The URL Is the Log Entry

There's no logging on this site. Need some. The question is how to add it without adding infrastructure.

The idea

Write a file:

https://thetube.today/events/link/dead?url=https://example.com/gone&post=my-post

CloudFront logs every request in its standard access logs. The URL is the log entry. The response doesn't matter — 204, 404, a 1x1 pixel, whatever. The log exists because the request exists.

No backend. No Lambda. No analytics service. No third-party tracker. The infrastructure is already there — CloudFront access logs go to S3 by default.

What the browser reports

Dead links — fetched a URL, got a 404
Errors — client-side JS exceptions
Navigation — which posts get read (only for logged-in users, not public visitors)
Whatever else becomes useful later

The browser is the plumber. It observes and reports. You review when you want.

Querying later

CloudFront access logs are in S3. Athena can query them with SQL. Filter by /events/link/dead and you have a dead link report. No database, no aggregation service. Just files and a query engine.

The logs are permanent. Add a new feature next year that needs historical data — reprocess the old logs. Add Elastic later if you need real-time dashboards. The data doesn't move. You just add readers. Same file, multiple readers, different objectives.

This is why starting to collect now matters even without a processor. The data accumulates. When you eventually build the thing that reads it, all the historical data is already there waiting.

What this doesn't do

No real-time dashboard (yet) — you query when you want, not when events happen
No alerting (yet) — the log is passive
No public visitor tracking (yet) — only logged-in users trigger log events (the auth token gates it)

That's fine. The logging cluster philosophy: observe everything, act on what you choose. The log is the source of truth. The action is separate and human-driven.

Just grepping the logs like the 90s. And it works. Same as it did then. The tools haven't changed because they didn't need to. grep is still the right answer for "find this thing in these files." The 5-machine Elastic cluster was the detour.

The pattern

The URL is structured data. CloudFront is the log collector. S3 is the storage. Athena is the query engine. All of it already exists and costs nothing at this scale.

Format detection

The event is in the path. The content is in the query string. Sub-events use path hierarchy — "It's a UNIX system! I know this!"

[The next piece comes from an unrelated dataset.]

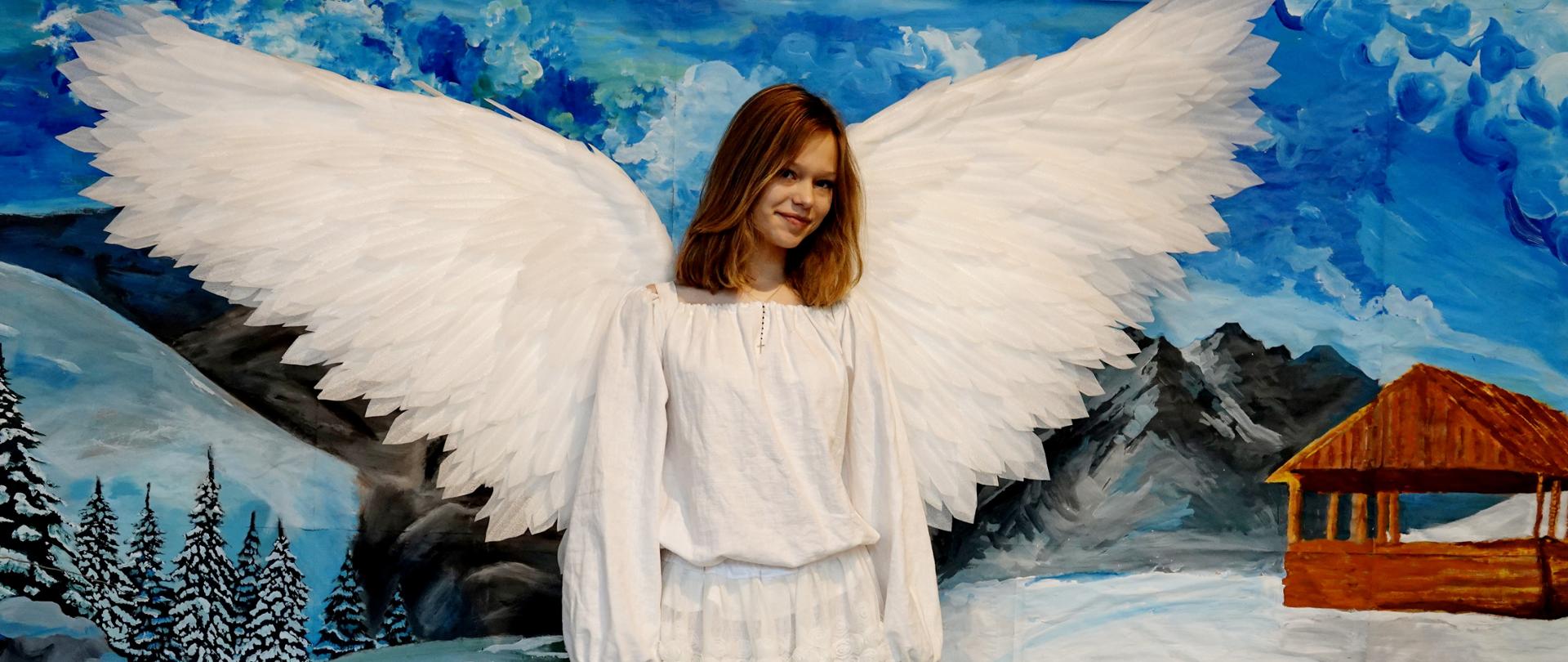 Na zdjęciu uczennica kl. 1A Natalia Putaj. Natalia brała udział w szkolnych Jasełkach. Występuje jako anioł. Dziewczyna ubrana jest w białą bluzkę i białą spódnice. Ma rozpuszczone włosy blond. Dziewczyna ma założone duże białe skrzydła. W tle znajduje się duży obraz na którym namalowany jest pejzaż górski z choinkami, szczytami gór i błękitnym niebem. 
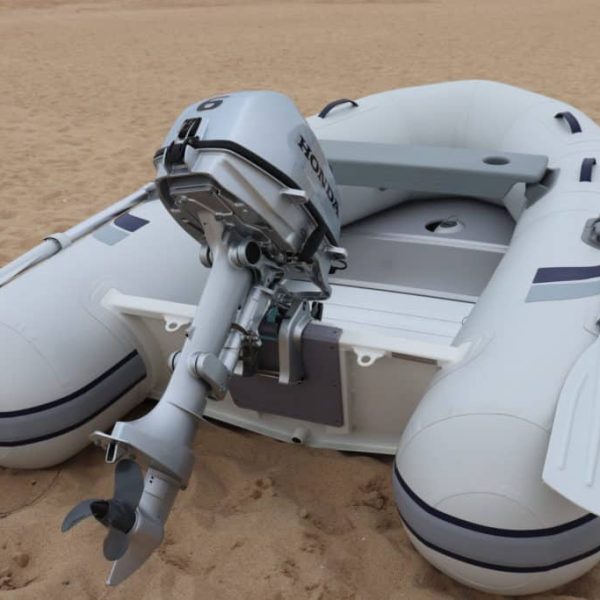 Bote inflable de color blanco con motor Honda en la playa, mostrando remos y detalles de diseño. Ideal para actividades acuáticas y navegación.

/events/link/dead?url=https://example.com/gone&post=my-post
/events/link/slow?url=https://example.com/page&ms=3200
/events/deploy/start?commit=abc1234
/events/deploy/done?commit=abc1234&duration=28s
/events/error/js?msg=TypeError&post=my-post
/events/error/fetch?url=https://api.example.com&status=500

Easy to filter in CloudFront logs — match on the URI path. No query string parsing to find the event type. Different CloudFront behaviors per event type if you ever need them.

If the query string starts with {, it's JSON. Otherwise it's key=value pairs. The reader handles both — duck typing for log format. No configuration, no content-type header, no negotiation.

GET only — data must be in the URL to be captured in CloudFront access logs. The body isn't logged. For heavier payloads (comment bodies), use /fastevent/ with POST — that hits a Lambda which receives the body.

vs. the 5-machine cluster

The alternative is Elastic — a 5-machine cluster that needs patching every month, breaks its API every major release, requires shard rebalancing, index lifecycle policies, and a security team that always wants it updated. All that operational overhead just to store and query text that you may never query.

CloudFront access logs + S3 + Athena: no patches, no API changes, no cluster management. The log format is stable. S3 doesn't have security vulnerabilities you need to patch. Athena is standard SQL that won't change — not whatever Elastic's query DSL is this year. Zero machines. Same data, same queries, no ops.

The entropy argument again — Elastic fights it with constant maintenance. The serverless approach accepts it by having nothing to maintain. The second law wins either way, but one path costs you weekends and downtime.

10 lines of code. Globally distributed, infinitely scalable, immutable, queryable with SQL, costs nothing.

The journey

prev: content-json-at-the-edge next: dont-fight-the-lego-blocks, the-log-is-the-event-bus Came from the dead link detection idea — the browser notices a broken link and needs somewhere to report it. Creating a GitHub issue is too aggressive. Logging is right. The simplest possible log is a fetch to a URL that CloudFront records. Zero new infrastructure. The write/index split means you don't need CPU to do both in real time — write is free, index is on-demand. You might never query it, and that's fine.

Decision: renamed from /logs/ to /events/ — it's what it actually is. Something might act on it, not just index it later.

Built it. 10 lines in the CloudFront Function. More durable, more available, more scalable, cheaper, and tamper-proof than the billion-dollar logging industry. They're fighting the architecture — running servers to index data you might never query.

2026-05-20: Added "grepping like the 90s" — verified the comment form by grepping the logs. The tools haven't changed because they didn't need to. Added updated field to frontmatter because the post keeps growing.